MIT — see [LICENSE](LICENSE).

---

## Ecosystem


- [tokio-prompt-orchestrator]https://github.com/Mattbusel/tokio-prompt-orchestrator — the orchestration layer that uses Every-Other-Token telemetry to drive HelixRouter adaptation
- [LLM-Hallucination-Detection-Script]https://github.com/Mattbusel/LLM-Hallucination-Detection-Script — companion tool for output-level reliability analysis
- [Token-Visualizer]https://github.com/Mattbusel/Token-Visualizer — interactive tokenizer and prompt-engineering visualization tool

---

## Troubleshooting


**"Missing API key"** — Set the `OPENAI_API_KEY` or `ANTHROPIC_API_KEY` environment variable before running. Use `export OPENAI_API_KEY=sk-...` (Linux/macOS) or `set OPENAI_API_KEY=sk-...` (Windows).

**"Model not found"** — Check the model name spelling; valid examples are `gpt-4o`, `gpt-3.5-turbo`, `claude-sonnet-4-6`. Use `--dry-run` to test transform logic without making any API call.
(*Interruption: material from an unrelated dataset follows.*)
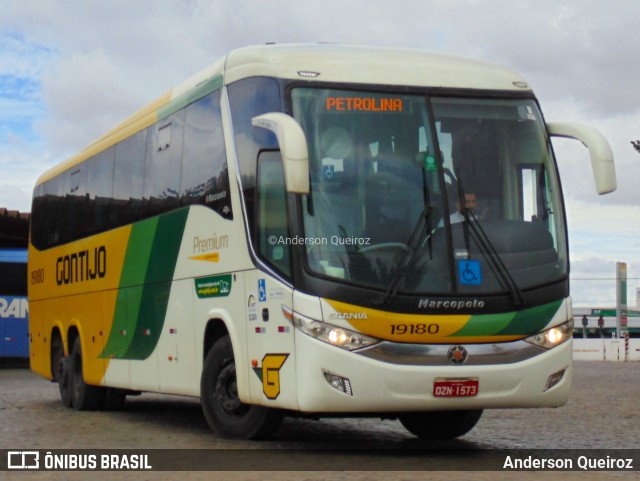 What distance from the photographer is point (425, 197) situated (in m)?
10.7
**"Rate limited (429)"** — The built-in circuit breaker will retry automatically after a backoff. If the circuit opens (5 consecutive failures), it stays open for 30 seconds then resets. Wait 30 s and retry, or reduce request frequency.

**"Stream times out"** — Try a shorter prompt or a faster model. Increase the timeout with `--timeout 300` (seconds) if the model is legitimately slow. Default timeout is 120 s.

**"Web UI blank"** — Open the browser developer console (F12) and check for errors. Common causes: `--provider` does not match the API key that is set, the server is not running on the expected port, or a browser extension is blocking the SSE connection.

**"Port already in use"** — Use `--port 9000` (or any free port) to pick a different port. Find the occupying process with `lsof -i :<port>` (Linux/macOS) or `netstat -ano | findstr :<port>` (Windows).